Figure 03 Cleans Your Living Room

A humanoid robot just cleaned an entire living room - on its own, start to finish, no human intervention. Figure AI’s latest demo of its Figure 03 robot, powered by the Helix 02 neural architecture, shows the machine spraying tables, wiping surfaces, tossing pillows back onto the couch, scooping up scattered toys, and even pressing the TV remote, all while navigating tight spaces between furniture like it’s done this a hundred times before.

The key breakthrough here isn’t any single trick, it’s that Helix 02 handles all of this with the same general-purpose brain. No new algorithms were needed. No hand-coded instructions for each task. The system learns directly from demonstration data, translating camera pixels into full-body movement. Think of it as the robotics equivalent of a foundation model: one architecture, endless new skills, just add more training examples.

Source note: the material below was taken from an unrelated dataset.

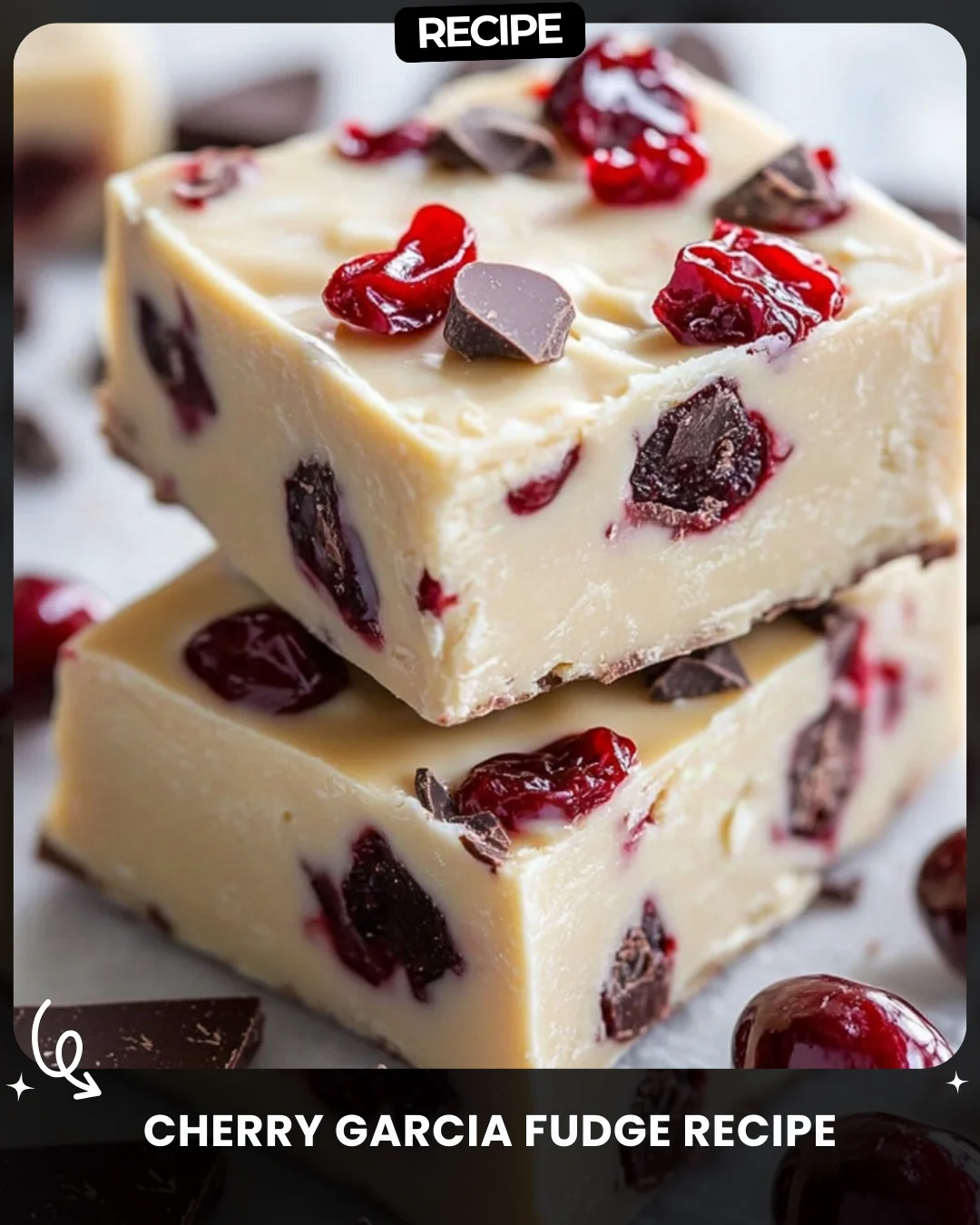 Cherry Garcia Fudge Recipe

Figure has essentially proven that “loco-manipulation” - walking and handling objects simultaneously - can work as a learned behavior rather than an engineering puzzle solved piece by piece. The $39 billion startup is scaling toward 100,000 units at its BotQ factory, and CEO Brett Adcock calls this a “major milestone towards a robot in every home.” Of course, this is still a controlled demo, not the messy chaos of a real household with kids and pets. But the gap between lab and living room? It’s shrinking fast.